◆ **ASSIGNED TASK**
Reproduce word for word the lines between the one containing "Mandolinenschneider, Gemüsehobel für" and the end of the entries below, both inclusive; leave out pictures.
*-*-*
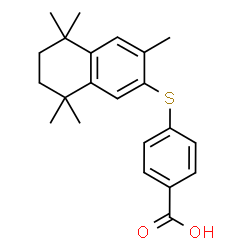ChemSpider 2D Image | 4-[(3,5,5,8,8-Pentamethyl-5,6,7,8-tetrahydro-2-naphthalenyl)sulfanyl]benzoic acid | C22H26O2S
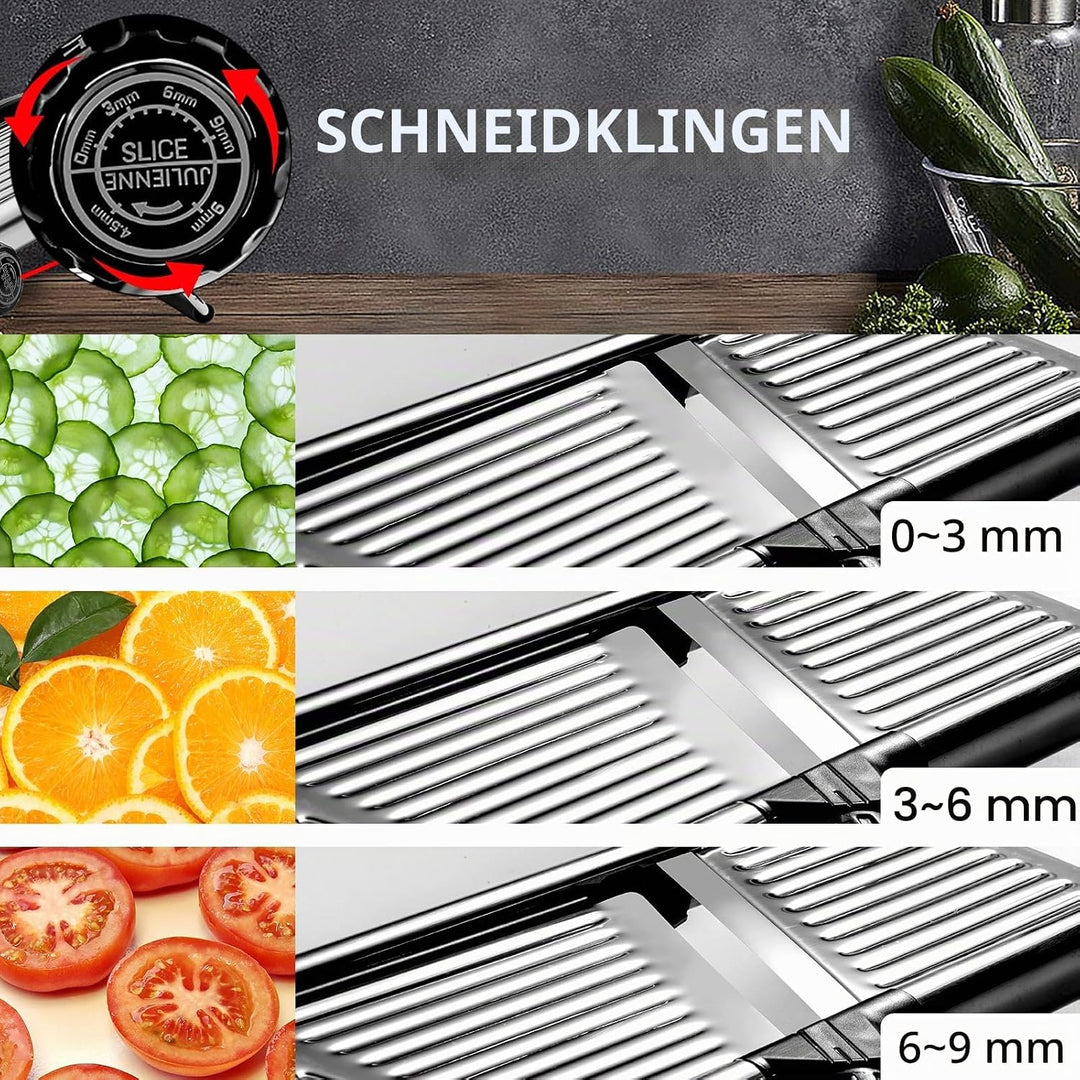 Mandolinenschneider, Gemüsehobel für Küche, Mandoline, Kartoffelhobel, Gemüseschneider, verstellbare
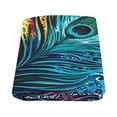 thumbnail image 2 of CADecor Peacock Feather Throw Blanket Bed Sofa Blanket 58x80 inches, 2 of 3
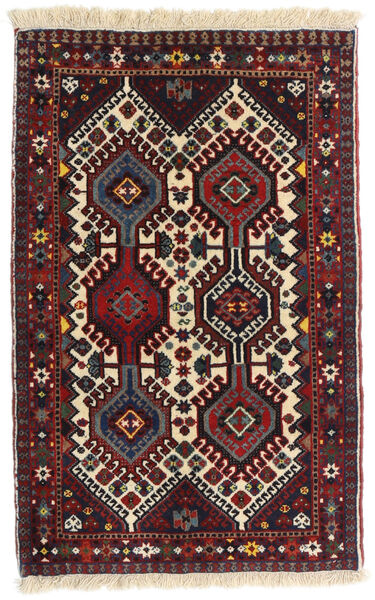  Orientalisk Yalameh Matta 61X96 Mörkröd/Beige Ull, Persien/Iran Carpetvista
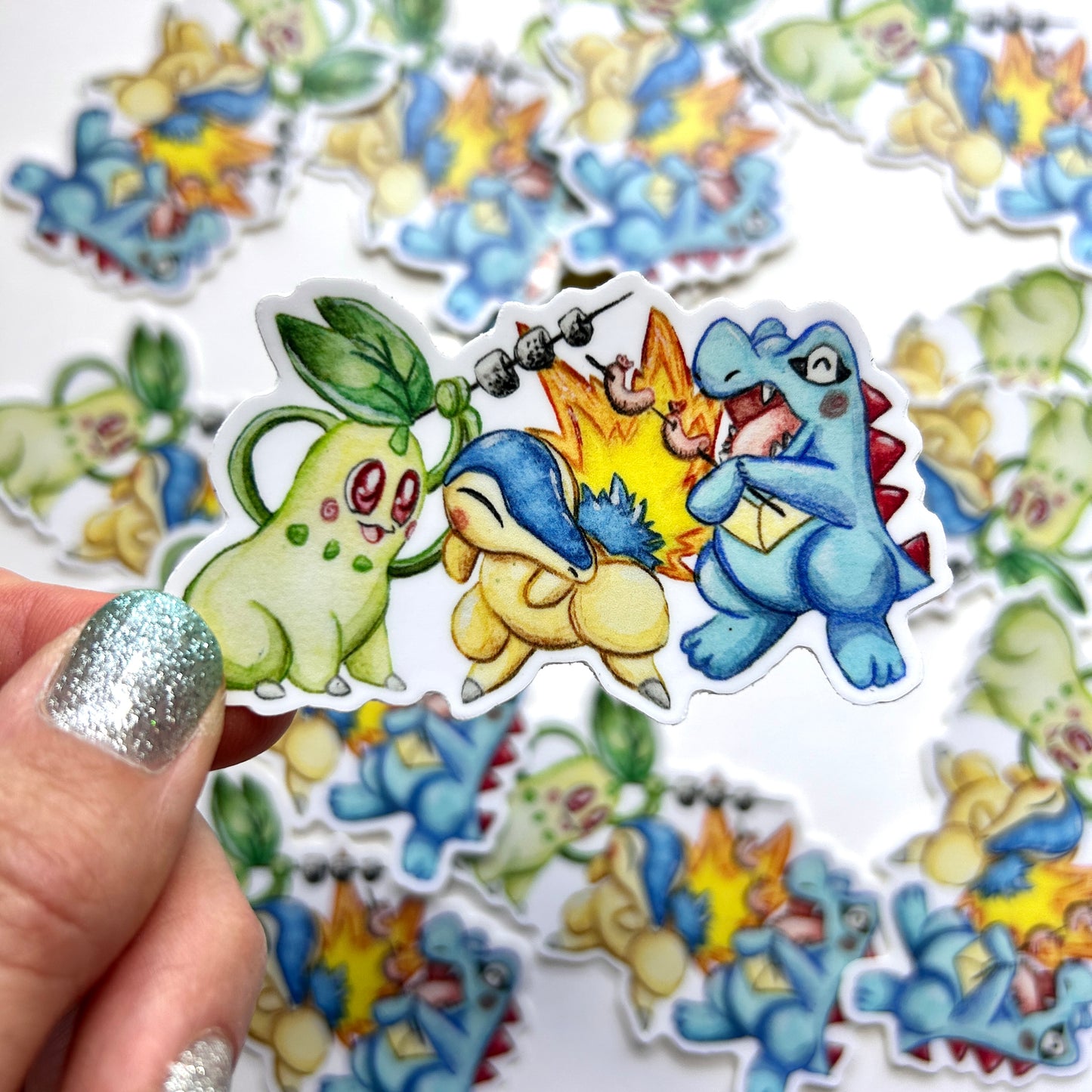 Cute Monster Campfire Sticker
*-*-*
◆ **REPLY TO THE EXERCISE**
 Mandolinenschneider, Gemüsehobel für Küche, Mandoline, Kartoffelhobel, Gemüseschneider, verstellbare
 thumbnail image 2 of CADecor Peacock Feather Throw Blanket Bed Sofa Blanket 58x80 inches, 2 of 3
  Orientalisk Yalameh Matta 61X96 Mörkröd/Beige Ull, Persien/Iran Carpetvista
 Cute Monster Campfire Sticker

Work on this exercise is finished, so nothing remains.